Problem statement: Here is a listing, set out below; repeat its lines from the one with "Robe Licorne Denim Fille - Une Licorne" to the last, both included, and leave out the pictures.

Supplied information:

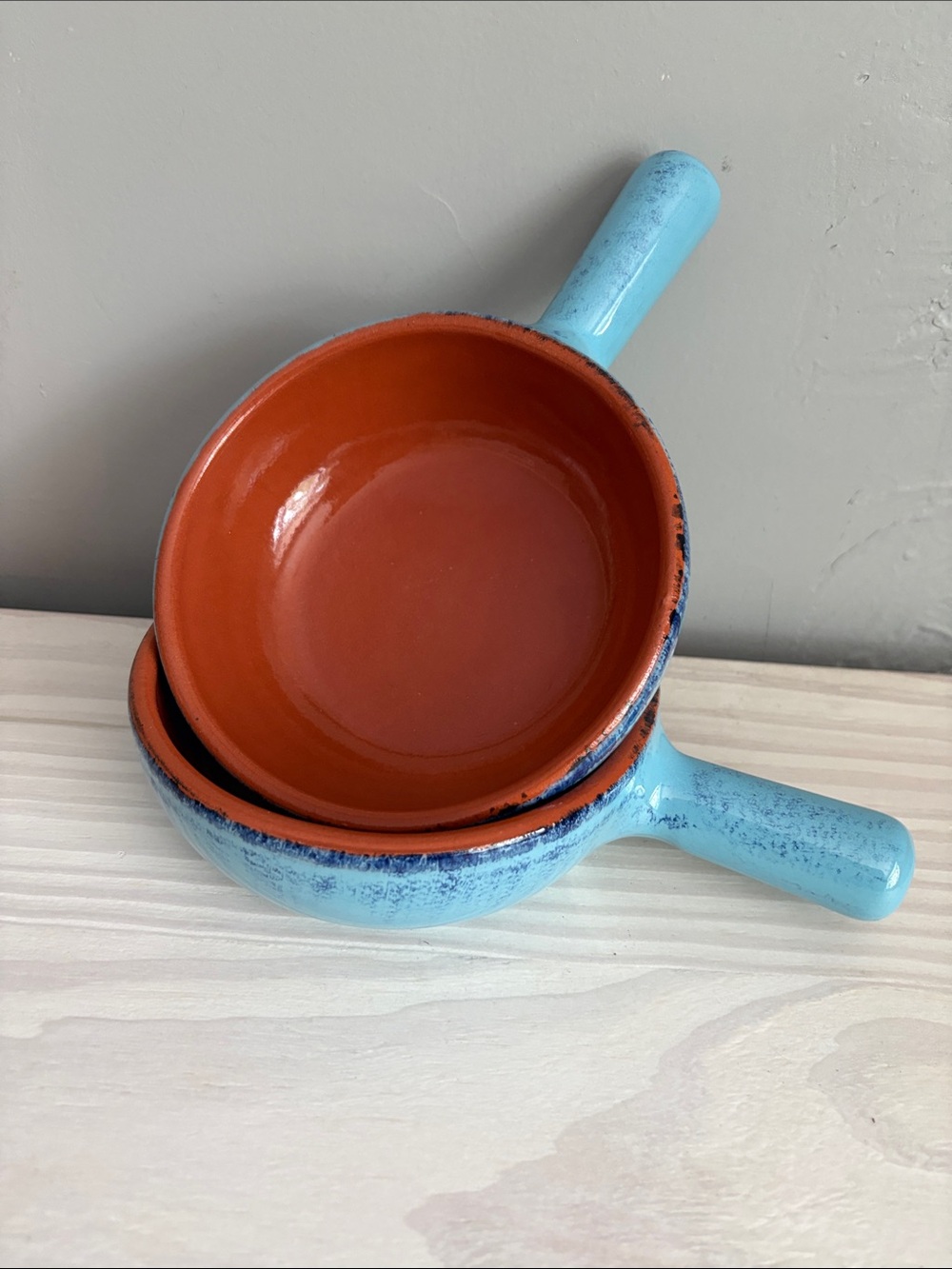 De Silva Capri Blue Terracotta‎ Soup Bowls, Set of 2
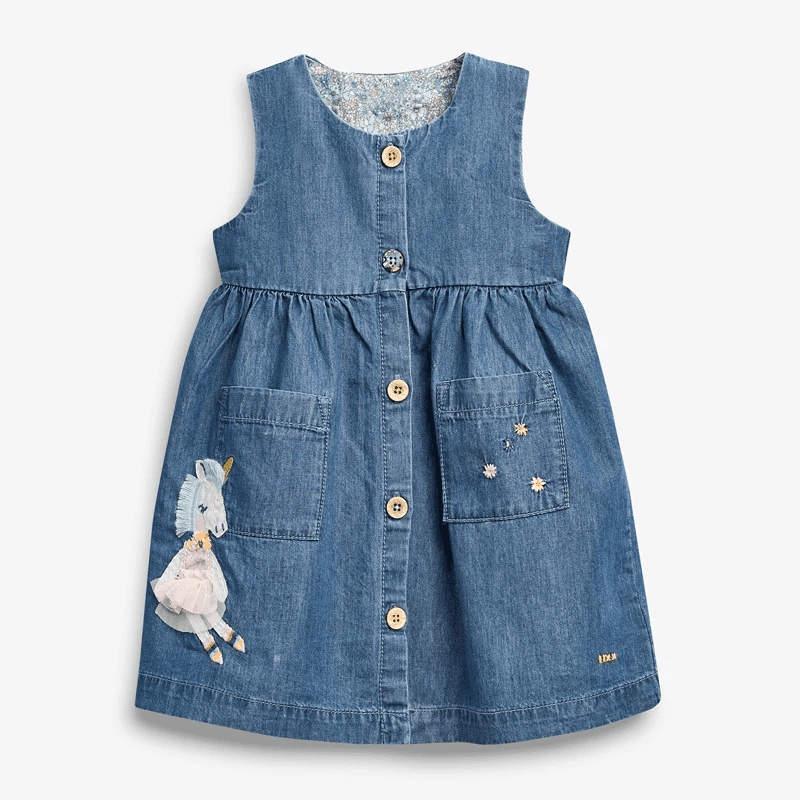 Robe Licorne Denim Fille - Une Licorne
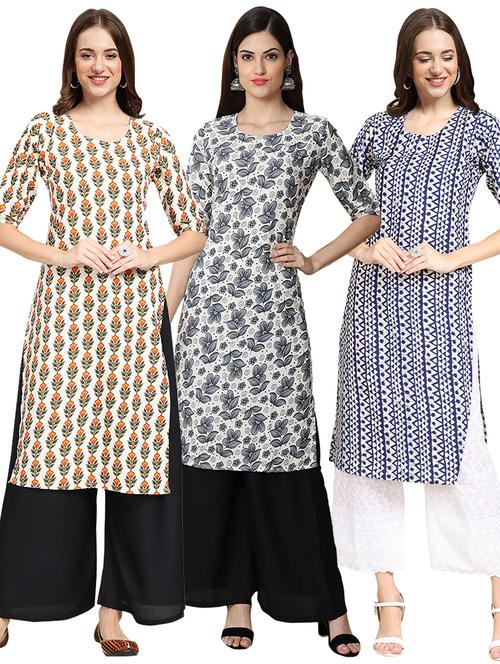 pack off 3 printed straight kurta - 19400846 - Very Small Image - 1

Output:
 Robe Licorne Denim Fille - Une Licorne
 pack off 3 printed straight kurta - 19400846 - Very Small Image - 1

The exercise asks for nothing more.